Data:
——

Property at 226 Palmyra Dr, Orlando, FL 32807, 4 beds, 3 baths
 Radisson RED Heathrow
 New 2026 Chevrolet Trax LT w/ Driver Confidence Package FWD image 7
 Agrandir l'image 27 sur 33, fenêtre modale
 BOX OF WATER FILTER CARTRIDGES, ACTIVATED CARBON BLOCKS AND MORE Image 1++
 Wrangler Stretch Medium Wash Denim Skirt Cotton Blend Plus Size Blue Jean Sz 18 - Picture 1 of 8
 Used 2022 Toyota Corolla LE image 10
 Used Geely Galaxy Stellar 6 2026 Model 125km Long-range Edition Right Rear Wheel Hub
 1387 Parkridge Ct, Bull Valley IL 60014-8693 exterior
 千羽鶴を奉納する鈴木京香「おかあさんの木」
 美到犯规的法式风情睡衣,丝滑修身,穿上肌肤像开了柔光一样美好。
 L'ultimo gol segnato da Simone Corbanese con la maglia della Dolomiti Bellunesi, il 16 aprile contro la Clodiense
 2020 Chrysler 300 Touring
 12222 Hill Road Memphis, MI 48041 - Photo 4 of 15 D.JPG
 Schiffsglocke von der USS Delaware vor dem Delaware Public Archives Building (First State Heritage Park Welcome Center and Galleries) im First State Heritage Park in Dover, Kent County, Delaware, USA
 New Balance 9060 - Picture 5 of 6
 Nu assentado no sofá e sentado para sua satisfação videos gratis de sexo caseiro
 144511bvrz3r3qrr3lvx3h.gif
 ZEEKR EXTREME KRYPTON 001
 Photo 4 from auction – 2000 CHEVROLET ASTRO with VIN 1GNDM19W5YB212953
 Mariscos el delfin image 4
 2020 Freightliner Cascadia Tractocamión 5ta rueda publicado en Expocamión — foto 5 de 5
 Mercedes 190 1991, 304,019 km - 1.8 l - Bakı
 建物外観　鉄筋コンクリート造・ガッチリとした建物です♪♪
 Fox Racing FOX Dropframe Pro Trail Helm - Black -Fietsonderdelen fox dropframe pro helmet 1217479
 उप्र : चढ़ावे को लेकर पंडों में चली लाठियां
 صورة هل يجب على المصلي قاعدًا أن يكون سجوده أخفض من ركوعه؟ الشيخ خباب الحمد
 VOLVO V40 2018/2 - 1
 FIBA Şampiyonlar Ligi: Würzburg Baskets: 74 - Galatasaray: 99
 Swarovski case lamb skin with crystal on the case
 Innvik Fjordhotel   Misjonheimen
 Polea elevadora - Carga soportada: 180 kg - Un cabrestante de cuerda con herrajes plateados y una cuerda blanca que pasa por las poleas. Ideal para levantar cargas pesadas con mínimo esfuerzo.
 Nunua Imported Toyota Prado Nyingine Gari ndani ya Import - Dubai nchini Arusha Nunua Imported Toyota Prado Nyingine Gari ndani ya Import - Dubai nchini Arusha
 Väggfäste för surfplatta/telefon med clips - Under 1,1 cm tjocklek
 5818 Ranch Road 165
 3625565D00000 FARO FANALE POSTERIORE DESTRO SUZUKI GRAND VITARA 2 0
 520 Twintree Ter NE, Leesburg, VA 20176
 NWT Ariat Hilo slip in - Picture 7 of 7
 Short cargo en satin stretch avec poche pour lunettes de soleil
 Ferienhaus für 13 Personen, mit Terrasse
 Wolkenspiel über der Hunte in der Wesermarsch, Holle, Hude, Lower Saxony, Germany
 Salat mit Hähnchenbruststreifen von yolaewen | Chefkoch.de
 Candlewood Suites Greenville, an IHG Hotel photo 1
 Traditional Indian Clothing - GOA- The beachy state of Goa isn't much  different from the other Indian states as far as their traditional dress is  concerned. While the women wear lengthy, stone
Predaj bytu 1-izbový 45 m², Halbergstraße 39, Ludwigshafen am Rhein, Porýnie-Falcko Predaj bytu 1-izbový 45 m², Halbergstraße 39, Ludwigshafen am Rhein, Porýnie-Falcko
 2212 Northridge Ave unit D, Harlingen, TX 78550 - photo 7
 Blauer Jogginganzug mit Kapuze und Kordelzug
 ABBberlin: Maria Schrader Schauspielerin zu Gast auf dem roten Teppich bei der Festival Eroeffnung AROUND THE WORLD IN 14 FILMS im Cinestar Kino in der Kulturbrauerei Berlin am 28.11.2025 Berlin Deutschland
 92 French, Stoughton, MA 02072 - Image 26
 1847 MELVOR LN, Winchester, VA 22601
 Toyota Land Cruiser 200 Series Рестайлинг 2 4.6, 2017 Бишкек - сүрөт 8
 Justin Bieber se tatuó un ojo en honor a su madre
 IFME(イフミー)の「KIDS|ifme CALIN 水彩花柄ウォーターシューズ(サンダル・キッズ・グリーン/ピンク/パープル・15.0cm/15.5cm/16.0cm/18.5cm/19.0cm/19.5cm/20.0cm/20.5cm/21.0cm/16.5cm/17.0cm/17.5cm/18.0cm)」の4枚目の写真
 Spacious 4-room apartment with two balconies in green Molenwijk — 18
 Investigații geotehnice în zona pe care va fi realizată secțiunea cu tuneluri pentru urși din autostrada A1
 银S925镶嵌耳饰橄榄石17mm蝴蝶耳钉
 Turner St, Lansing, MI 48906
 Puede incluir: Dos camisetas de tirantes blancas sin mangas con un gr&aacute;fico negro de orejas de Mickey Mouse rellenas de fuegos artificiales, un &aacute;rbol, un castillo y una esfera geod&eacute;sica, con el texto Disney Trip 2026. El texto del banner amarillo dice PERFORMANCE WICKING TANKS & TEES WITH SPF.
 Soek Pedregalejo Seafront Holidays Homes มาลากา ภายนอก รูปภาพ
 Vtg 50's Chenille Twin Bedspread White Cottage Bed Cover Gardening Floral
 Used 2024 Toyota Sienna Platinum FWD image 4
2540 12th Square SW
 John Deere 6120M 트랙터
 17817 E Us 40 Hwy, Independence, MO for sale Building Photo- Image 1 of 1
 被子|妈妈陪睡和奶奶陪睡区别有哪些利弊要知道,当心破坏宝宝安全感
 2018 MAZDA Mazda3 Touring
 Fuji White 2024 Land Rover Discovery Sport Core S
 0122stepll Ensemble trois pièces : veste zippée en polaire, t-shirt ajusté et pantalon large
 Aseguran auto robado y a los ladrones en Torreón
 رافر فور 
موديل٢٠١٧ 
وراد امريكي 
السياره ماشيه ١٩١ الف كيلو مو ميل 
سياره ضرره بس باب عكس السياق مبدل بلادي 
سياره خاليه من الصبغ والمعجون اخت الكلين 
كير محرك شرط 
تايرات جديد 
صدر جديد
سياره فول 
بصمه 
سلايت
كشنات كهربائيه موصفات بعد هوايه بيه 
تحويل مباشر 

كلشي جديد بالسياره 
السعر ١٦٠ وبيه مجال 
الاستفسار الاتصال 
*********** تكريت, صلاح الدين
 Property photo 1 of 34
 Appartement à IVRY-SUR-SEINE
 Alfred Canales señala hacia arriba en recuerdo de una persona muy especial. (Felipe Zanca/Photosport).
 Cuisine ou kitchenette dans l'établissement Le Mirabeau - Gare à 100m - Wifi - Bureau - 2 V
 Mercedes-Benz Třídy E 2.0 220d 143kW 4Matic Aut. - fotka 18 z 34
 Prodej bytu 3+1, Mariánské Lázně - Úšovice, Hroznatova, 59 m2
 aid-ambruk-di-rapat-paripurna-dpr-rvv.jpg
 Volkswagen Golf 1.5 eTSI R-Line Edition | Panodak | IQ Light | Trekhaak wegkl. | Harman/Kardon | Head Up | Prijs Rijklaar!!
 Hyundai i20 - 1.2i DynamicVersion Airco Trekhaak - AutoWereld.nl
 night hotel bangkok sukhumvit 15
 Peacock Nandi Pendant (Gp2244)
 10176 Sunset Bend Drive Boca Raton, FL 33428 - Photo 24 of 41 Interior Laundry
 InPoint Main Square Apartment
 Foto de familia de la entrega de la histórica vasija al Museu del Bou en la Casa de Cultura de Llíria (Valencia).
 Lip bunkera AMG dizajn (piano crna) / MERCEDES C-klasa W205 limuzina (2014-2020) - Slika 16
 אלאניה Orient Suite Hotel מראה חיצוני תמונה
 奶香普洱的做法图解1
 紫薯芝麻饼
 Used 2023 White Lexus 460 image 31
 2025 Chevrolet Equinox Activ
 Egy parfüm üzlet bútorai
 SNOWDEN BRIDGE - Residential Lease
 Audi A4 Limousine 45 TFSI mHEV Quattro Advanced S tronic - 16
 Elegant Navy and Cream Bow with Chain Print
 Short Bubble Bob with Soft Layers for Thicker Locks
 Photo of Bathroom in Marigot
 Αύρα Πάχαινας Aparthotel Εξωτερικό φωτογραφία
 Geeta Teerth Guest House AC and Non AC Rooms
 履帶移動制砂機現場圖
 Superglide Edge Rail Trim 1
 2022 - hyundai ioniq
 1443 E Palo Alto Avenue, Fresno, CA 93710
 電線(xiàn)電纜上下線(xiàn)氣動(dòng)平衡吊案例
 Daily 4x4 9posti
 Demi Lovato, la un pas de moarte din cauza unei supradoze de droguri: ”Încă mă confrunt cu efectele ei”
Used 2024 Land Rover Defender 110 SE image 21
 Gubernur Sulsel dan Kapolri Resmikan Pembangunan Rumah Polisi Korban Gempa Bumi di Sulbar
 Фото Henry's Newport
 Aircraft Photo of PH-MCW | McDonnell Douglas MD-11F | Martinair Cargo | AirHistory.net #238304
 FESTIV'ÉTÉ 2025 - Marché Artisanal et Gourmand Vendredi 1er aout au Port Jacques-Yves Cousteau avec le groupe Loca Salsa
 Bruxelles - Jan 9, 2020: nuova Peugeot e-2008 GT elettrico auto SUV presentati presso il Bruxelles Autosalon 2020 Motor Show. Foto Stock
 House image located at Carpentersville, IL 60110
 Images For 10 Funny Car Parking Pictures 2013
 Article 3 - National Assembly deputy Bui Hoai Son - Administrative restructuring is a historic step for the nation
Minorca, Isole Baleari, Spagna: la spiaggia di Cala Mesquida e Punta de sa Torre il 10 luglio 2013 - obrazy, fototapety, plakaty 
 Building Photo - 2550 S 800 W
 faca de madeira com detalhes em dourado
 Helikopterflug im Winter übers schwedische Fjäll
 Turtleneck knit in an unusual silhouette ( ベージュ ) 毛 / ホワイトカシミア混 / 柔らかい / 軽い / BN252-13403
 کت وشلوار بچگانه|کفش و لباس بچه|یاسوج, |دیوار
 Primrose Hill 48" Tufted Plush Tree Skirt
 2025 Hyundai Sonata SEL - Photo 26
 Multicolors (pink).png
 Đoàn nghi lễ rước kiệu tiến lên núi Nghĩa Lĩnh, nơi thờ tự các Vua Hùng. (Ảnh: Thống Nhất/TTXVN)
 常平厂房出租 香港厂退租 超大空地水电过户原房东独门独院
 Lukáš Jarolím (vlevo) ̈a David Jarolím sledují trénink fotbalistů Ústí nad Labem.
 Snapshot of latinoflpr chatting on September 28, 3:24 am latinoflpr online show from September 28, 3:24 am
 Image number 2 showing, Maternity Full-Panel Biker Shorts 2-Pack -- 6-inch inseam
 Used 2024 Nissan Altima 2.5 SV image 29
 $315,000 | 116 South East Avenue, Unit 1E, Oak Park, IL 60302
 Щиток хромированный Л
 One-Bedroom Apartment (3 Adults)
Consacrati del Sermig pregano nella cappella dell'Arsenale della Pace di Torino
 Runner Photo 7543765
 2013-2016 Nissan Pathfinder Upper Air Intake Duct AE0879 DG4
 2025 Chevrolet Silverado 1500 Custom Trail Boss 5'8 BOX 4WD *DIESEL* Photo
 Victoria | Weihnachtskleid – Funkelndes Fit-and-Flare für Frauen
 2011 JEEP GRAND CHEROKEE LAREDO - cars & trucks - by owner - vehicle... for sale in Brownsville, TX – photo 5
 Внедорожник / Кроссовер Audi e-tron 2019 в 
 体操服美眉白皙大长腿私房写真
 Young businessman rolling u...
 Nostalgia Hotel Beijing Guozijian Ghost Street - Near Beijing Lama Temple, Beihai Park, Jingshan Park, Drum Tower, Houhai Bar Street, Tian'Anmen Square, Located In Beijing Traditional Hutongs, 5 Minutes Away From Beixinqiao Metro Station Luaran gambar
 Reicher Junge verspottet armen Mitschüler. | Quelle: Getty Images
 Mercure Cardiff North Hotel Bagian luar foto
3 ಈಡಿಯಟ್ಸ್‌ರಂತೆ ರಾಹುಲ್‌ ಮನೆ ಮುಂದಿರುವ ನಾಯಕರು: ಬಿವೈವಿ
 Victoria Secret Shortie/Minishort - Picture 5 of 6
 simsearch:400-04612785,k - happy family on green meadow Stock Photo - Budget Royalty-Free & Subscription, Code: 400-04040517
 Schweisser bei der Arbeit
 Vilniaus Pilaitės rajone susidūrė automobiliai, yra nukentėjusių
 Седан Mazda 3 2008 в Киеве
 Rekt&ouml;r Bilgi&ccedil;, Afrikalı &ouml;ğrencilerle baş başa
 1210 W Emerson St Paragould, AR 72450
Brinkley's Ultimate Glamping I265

——

Exercise details: Your answer should consist of the lines from the line with "وراد امريكي" to the line with "الاستفسار الاتصال" above, repeated exactly, both ends included.

Exercise result:
وراد امريكي 
السياره ماشيه ١٩١ الف كيلو مو ميل 
سياره ضرره بس باب عكس السياق مبدل بلادي 
سياره خاليه من الصبغ والمعجون اخت الكلين 
كير محرك شرط 
تايرات جديد 
صدر جديد
سياره فول 
بصمه 
سلايت
كشنات كهربائيه موصفات بعد هوايه بيه 
تحويل مباشر 

كلشي جديد بالسياره 
السعر ١٦٠ وبيه مجال 
الاستفسار الاتصال 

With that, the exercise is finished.